France-Inter : Maintenant, la machine est lancée. Vous dites également que le débat au sein du gouvernement est lancé....
Dominique Voynet : Non, je n'ai pas dit cela ; c'est vous qui avez dit cela, Le débat, il n'a pas été lancé ce matin. Il a toujours eu lieu au sein du Gouvernement. Et moi je considère que je dois au premier ministre, je dois à mes partenaires de la majorité plurielle, un dialogue aussi approfondi, aussi sincère, aussi complet que possible. Je pourrais me taire aujourd'hui, ou je pourrais adopter des positions jésuites, angéliques, et prendre la tête de manifestations. Sauf que la responsabilité gouvernementale, c'est sortir ensemble d'une situation compliquée, d'une sorte de guêpier. C'est le cas sur le terrain, c'est le cas peut-être dans le Gouvernement. Il faut qu'on en sorte ensemble.

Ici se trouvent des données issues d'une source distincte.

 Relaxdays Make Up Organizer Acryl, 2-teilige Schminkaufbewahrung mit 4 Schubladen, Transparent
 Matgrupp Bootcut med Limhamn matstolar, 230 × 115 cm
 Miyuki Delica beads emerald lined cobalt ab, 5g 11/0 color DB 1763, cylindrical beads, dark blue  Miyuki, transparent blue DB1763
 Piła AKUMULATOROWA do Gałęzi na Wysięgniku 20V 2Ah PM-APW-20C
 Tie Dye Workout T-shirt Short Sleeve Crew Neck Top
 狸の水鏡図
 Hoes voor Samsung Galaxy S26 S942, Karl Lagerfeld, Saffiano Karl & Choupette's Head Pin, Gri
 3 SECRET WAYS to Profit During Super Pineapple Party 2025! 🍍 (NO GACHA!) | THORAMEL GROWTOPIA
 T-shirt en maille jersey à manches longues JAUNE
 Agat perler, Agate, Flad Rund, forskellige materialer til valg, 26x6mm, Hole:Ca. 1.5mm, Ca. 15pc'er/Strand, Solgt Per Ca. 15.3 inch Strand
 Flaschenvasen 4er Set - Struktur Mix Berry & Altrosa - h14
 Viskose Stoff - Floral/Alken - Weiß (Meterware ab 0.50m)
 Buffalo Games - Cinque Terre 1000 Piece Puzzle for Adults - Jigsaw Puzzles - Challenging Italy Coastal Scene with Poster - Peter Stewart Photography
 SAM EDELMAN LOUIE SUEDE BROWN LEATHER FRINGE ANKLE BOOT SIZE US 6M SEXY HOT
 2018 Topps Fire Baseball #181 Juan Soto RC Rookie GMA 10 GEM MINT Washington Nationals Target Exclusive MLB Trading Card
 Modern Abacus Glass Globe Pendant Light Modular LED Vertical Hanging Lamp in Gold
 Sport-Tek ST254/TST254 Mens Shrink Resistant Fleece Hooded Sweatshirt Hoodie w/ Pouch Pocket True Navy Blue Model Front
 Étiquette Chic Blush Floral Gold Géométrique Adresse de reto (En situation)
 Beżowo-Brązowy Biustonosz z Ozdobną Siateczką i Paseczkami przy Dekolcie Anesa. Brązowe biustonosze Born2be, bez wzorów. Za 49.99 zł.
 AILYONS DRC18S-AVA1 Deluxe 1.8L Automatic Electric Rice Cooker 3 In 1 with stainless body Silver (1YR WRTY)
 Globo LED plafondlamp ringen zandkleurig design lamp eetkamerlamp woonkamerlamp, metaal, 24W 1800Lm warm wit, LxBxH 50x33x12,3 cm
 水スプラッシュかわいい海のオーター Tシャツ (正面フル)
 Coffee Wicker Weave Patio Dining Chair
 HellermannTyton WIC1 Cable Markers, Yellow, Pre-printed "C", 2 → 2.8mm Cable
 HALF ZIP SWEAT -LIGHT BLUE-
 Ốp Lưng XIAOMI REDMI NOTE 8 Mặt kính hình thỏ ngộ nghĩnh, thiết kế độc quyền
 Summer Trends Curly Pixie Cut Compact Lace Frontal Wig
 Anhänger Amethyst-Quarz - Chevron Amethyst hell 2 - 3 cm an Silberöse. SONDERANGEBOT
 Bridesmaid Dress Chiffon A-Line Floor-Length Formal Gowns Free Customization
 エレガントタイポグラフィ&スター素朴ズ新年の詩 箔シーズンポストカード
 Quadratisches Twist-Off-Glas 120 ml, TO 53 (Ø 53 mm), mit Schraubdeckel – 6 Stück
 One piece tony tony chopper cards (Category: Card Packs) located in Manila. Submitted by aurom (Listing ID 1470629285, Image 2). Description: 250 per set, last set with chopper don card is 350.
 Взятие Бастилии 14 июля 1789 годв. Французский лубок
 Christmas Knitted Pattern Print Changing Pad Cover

France-Inter : Vous dites : responsabilité gouvernementale. À terme, que va devenir la solidarité gouvernementale ?
Dominique Voynet : J'essaie de vous le dire, moi je trouve que c'est une des plus belles façons d'exprimer ma solidarité à l'égard du Gouvernement que de prendre en compte la complexité du phénomène, de contribuer au débat et de refuser des solutions simplistes d'un côté ou de l'autre. Je ne suis pas suspecte de sympathie avec cette guerre. Je suis très critique à l'égard de cette intervention militaire, vous l'avez compris. Mais je ne pense pas que l'heure soit venue de régler les comptes. L'heure est venue, je dirais, à la tentative de dégager des solutions qui permettent de ne pas rendre irréparable la situation dramatique dans laquelle se trouve la population albanaise du Kosovo et sans doute la minorité serbe du Kosovo, qui n'a peut-être pas choisi non plus l'affrontement en ce moment-là, et qui coexistait parfaitement avec ses voisins albanais.
France-Inter : Ce matin, en Conseil des ministres, en présence du président de la République, dans quelle atmosphère s'est déroulé le débat ?
Dominique Voynet : Moi j'ai trouvé que l'atmosphère était bonne, qu'elle était respectueuse, et que le président de la République lui-même y avait contribué de façon utile, en insistant notamment sur la nécessité pour l'Europe de se mobiliser pour traiter de façon sérieuse le problème des réfugiés qui sont des centaines de milliers. Je n'ai pas senti en quoi que ce soit la tonalité par laquelle vous avez abordé le problème tout à l'heure.